But if I understood the original commenter's use case, they're just searching YT Music to get the URL to a given song. This appears[0] to work fine without being logged in. So you could parameterize or wrap the call to yt-dlp and only have your cookie jar usable there.
Oh, that's true, even allows you to play without an account. I can swear that at some point it flat out refused any use unless you're logged in with an account that has YT Music (I remember having to go to regular YouTube to get the same song to send it to someone who didn't have it).
As long as it’s gated and not turned on by default, it’s all good. They could also add a warning/sanity check similar to “allow pasting” in the console.
For now you are. All these things fall with time, of course. You will stop caring once you start feeling safe, we all do.
Also. AAarrgh, my new thing to be annoyed at is AI drivel written slop.

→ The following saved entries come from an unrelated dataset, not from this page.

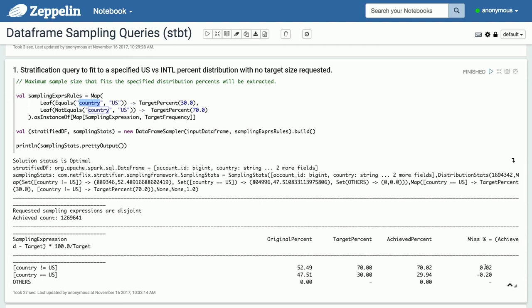I have a bunch of other queries in this notebook which I can show you offline, that run more complicated queries with different AND, OR, AND NOT conditions.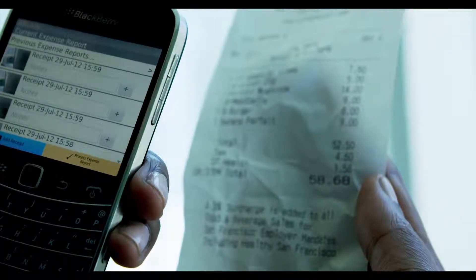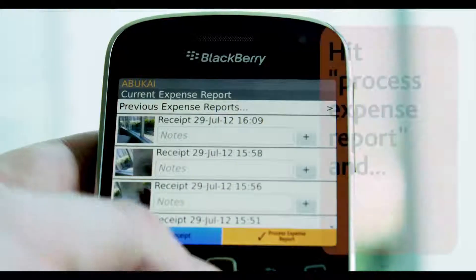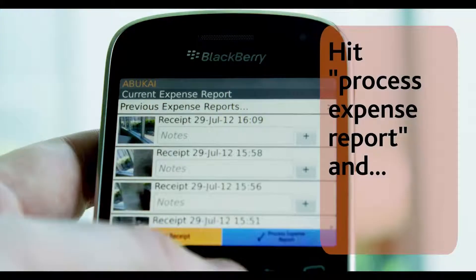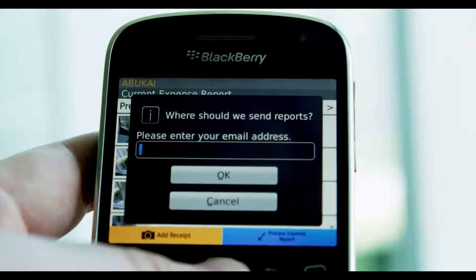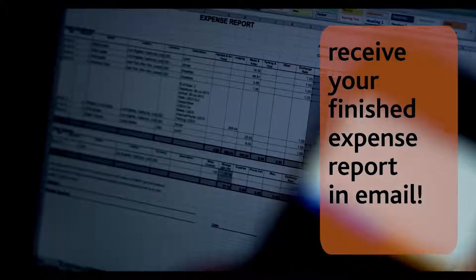and Abukai automagically generates your expense report for you with all the information already filled in, including vendors, amounts, dates, locations, foreign currencies, descriptions, and even categories.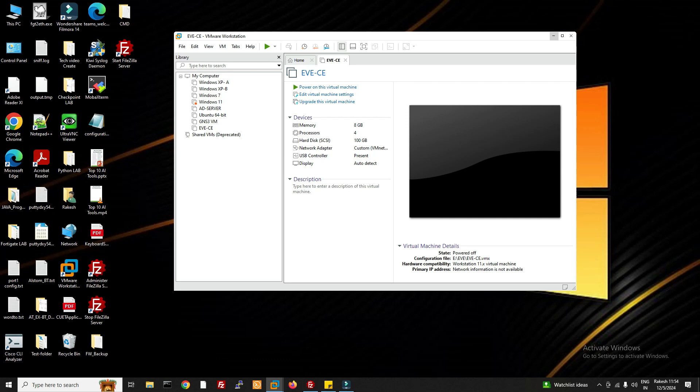Hello friends, welcome to my YouTube channel Tech Net Guide. In this video, I'm going to tell you how to download and install Checkpoint Gaia R82 version in VMware. We'll see how to download and install Gaia R82.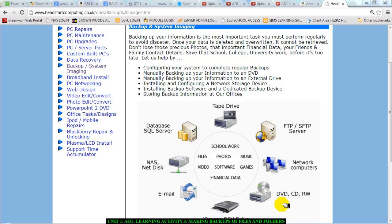Hello there ladies and gentlemen, we are still working on AO1 of Unit 1. This is about learning activity 3. We're going to be talking about backing up really quickly. A backup is simply making a copy of an original thing and storing it somewhere safe.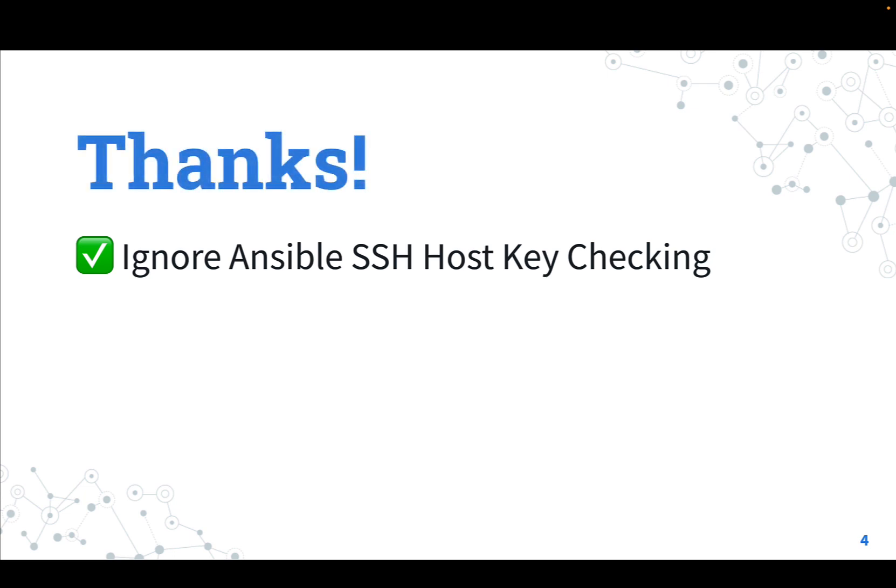Thank you for watching. I hope this lesson was useful for you. See you on the next adventure and let's automate more. Have a great day!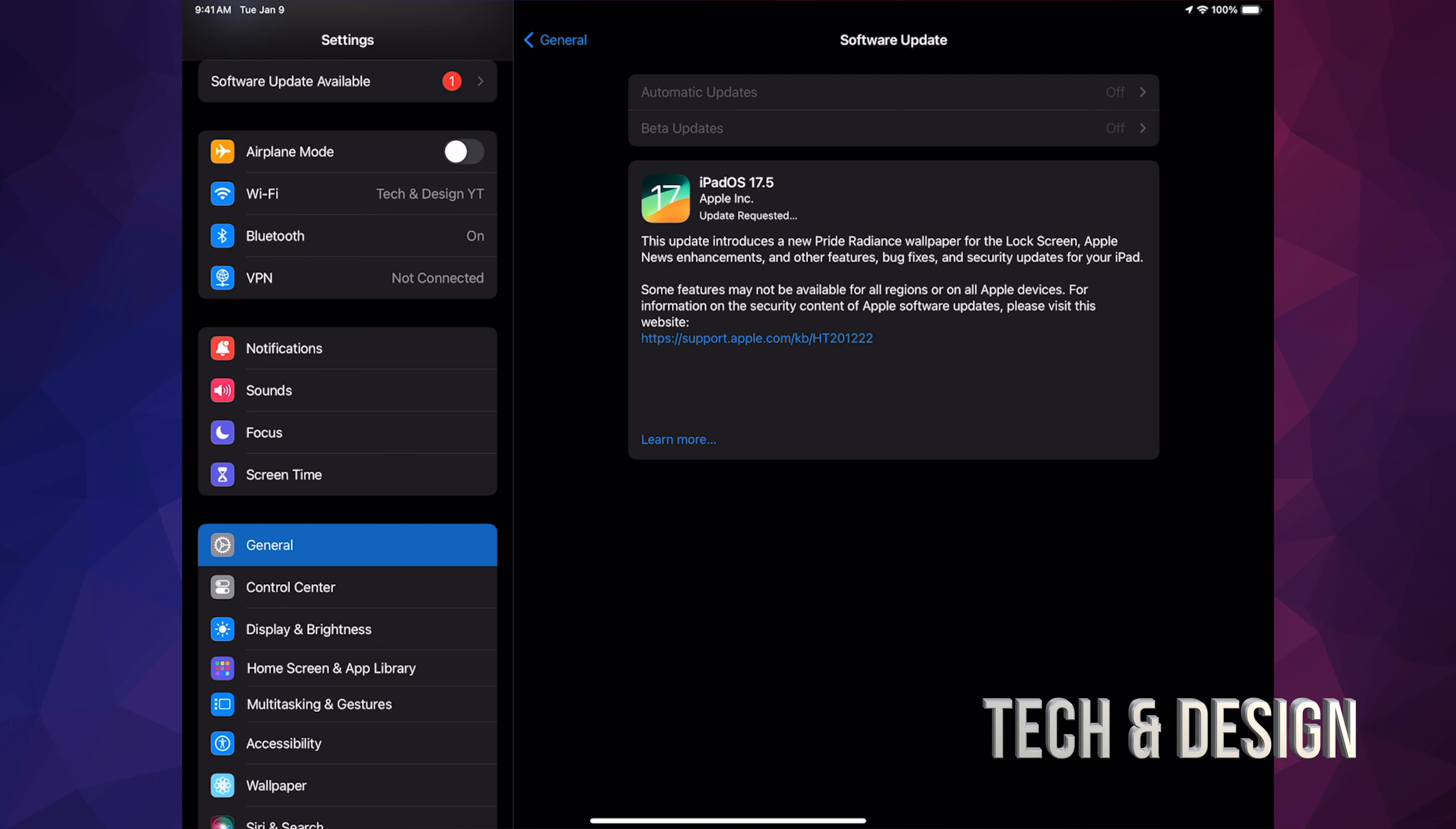It's going to restart so don't worry about it. And just to make sure, have it charging at all times. All right, so if you just left your iPad, it would have restarted. You should have seen the Apple logo and a loading bar.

"No browser automation framework, no separate browser instance, no re-login."
Oh really, nice. No separate computer either? No separate power station, no house, no star wars? No something else we didn't ask for? Just one a toggle and you go? Whoaaaaaa.
Edit: lol even the skill itself is vibe coded:
Lightweight Chrome DevTools Protocol CLI. Connects directly via WebSocket — no Puppeteer, works with 100+ tabs, instant connection.
I feel like there's nothing fucking left on the internet anymore that is not some mean of whatever the LLM is trained to talk like now.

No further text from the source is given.